週刊大阪日日新聞社は11年前に宗家の半生を描いた本「天翔ける舞扇」(大阪日日新聞刊)出版に深く関わっており、長唄や常磐津に乗って舞う伝統の日本舞踊と演歌・歌謡曲を大胆に取り入れた新舞踊の二刀流活動を継続支援。この日は長内繁樹・豊中市長や天羽会後援会長の浅利敬一郎・前豊中市長らが駆け付け、宗家の思い出や日本文化の一環である日舞を後世に伝えるための取り組みなどを紹介した。

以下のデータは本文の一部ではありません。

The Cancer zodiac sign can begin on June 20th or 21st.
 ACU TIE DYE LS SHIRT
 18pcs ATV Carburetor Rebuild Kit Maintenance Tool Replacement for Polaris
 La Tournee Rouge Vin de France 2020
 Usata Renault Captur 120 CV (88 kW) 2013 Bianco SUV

午前中から始まった演目は夜に掛かるまで休み無しに舞台狭しと舞踊を展開し、祥魁家元は幕開けの清元「北州」から出演。中野寛成・元衆院副議長歌唱の「千の風になって」では後方で踊りを披露。長唄「春興鏡獅子」で日舞、長編歌謡浪曲「元禄桜吹雪決闘高田の馬場」(三波春夫)に乗っての新舞踊で堀部安兵衛にふんしてとひっきりなしに登場し満員の観客を魅了した。